E infatti che ne sapevo io. E così ho scelto del tutto casualmente di iniziare a vedere Suburra per due motivi molto semplici: le puntate erano solo 24 ed è una serie conclusa, inizia e finisce, nessuna attesa. Ok, vediamo questa.

Le tre stagioni che formano Suburra me le sono letteralmente bevute in 5 giorni.
Non starò qui a dire se è una serie fatta bene, se poteva finire meglio, se gli attori sono bravi o no; di queste considerazioni è piena la rete.
Quel che voglio testimoniare è quanto il dispositivo narrativo di questa serie mi abbia totalmente rapita e imbambolata davanti alla tv, tanto da farmi affermare “Basta, voglio vedere Suburra per sempre.
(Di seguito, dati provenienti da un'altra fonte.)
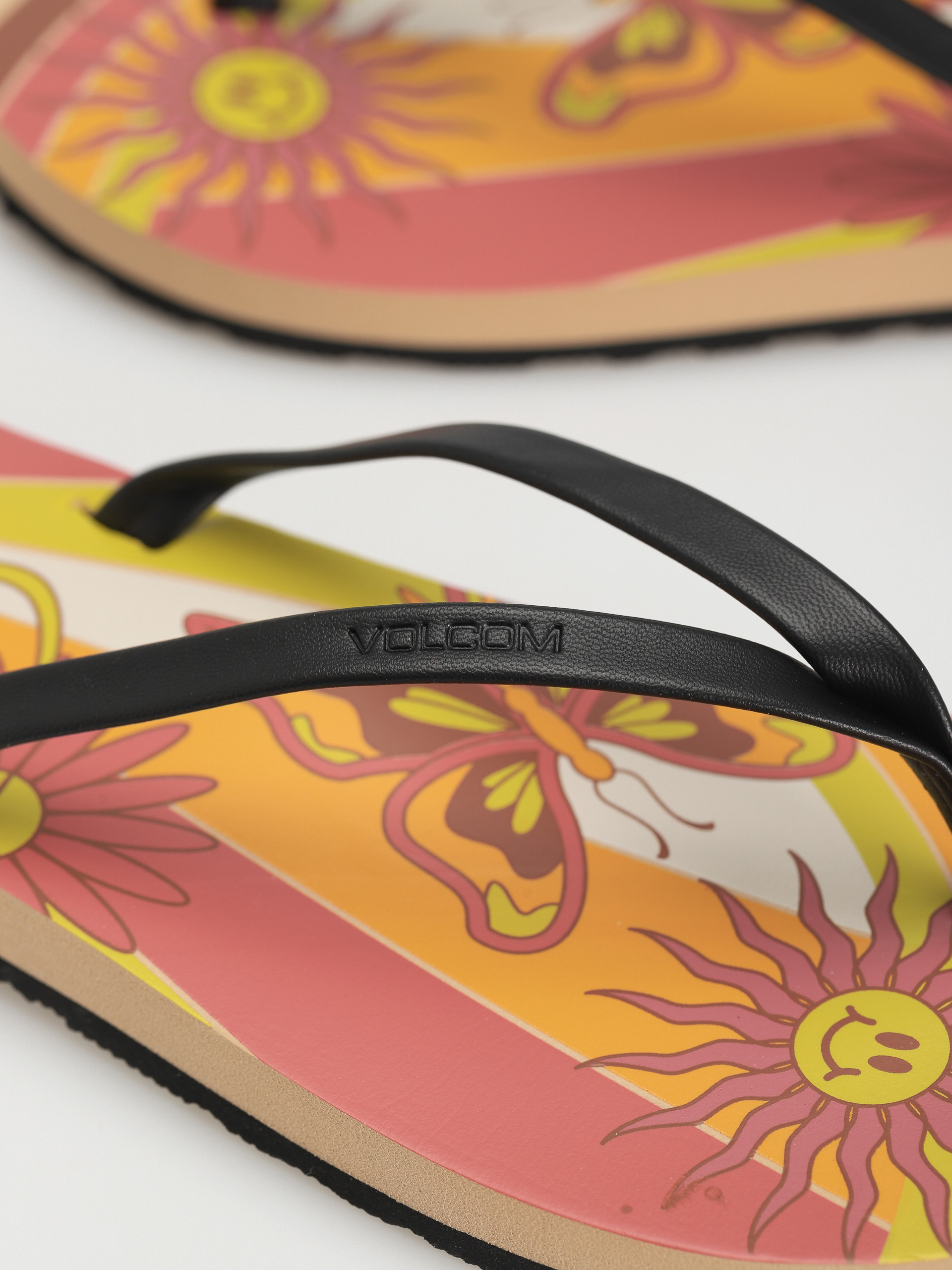 Papuci de plajă Volcom Color Me Spring Wmn (hazelnut)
Voglio i tatuaggi sul collo, le gonne lunghe di jeans, i capelli cotonati, i denti d’oro, il coltello nella manica di giubbottini optical e damascati e l’eleganza nei sentimenti, la pistola ficcata dietro i jeans, gli occhi azzurri, uno di Alessandro Borghi e l’altro di Filippo Nigro, il sorriso disarmante di Spadino, voglio parlare in romanesco a labbra strette, la camera da letto stile Casamonica, mangiare agnelli e pecore crudi, farmi il segno della croce in fronte col sangue come Manfredi, riflettere sul senso della vita a Ostia, guardando il mare, le macchine grosse, essere come Angelica e non abbassare mai lo sguardo, fare la regina a Roma Nord, entrare nelle stanze dei cardinali tappezzate di rosso e passarla sempre liscia in mezzo alle sparatorie e poi scappare via con Aureliano Adami, anche lui illeso: che ve lo dico a fare?”
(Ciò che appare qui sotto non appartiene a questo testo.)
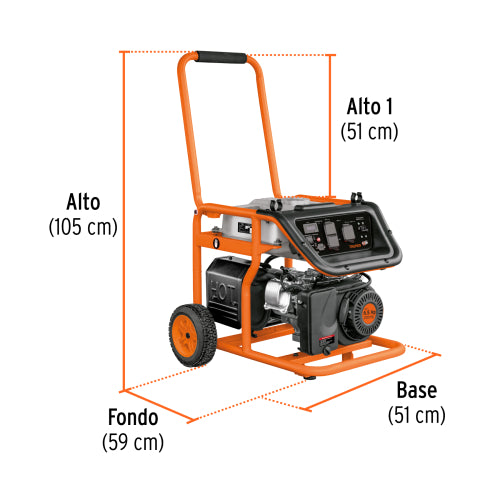 Generador Truper 2.5kW Portátil - Eficiente y Duradero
Una serie che racconta Roma nei suoi vizi e nella sua violenza, in cui non ci sta un solo personaggio buono, un eroe puro, ma in tutti i personaggi ci sta qualcosa di stupendamente umano come la tenerezza e l’ambizione, l’orgoglio e la vergogna, l’amore e l’odio.
Una serie in cui le iperboli e le fagocitazioni della realtà mettono in scena le esperienze più comuni, quali quella della gestione dei rapporti con i genitori, il desiderio di essere riconosciuti, l’amore omosessuale, il sesso, il bisogno fisiologico del contatto fisico, la lealtà, le bugie, la vita di coppia, la sete di potere, l’orgoglio e il pregiudizio.
Tutto questo in mezzo a pistole, uccisioni, appalti truccati, elezioni comprate, preti e cardinali corruttibili e corruttori, puttane, poliziotti, uomini e donne.

E poi lei, Roma.
La capitale, la città di Giulio Cesare e di Totti, del Campidoglio e dell’edilizia abbandonata, dei pini e del mare a pochi minuti, degli attici e dei campi rom, dell’arredamento minimal e delle camere da letto con stucchi, ori e velluti. La città eterna in cui eterni sono i drammi e i tormenti, gli amori e e le separazioni, le vendette e i desideri.
Roma, “l’anima oscura di questa città, tutto è uguale a duemila anni fa”.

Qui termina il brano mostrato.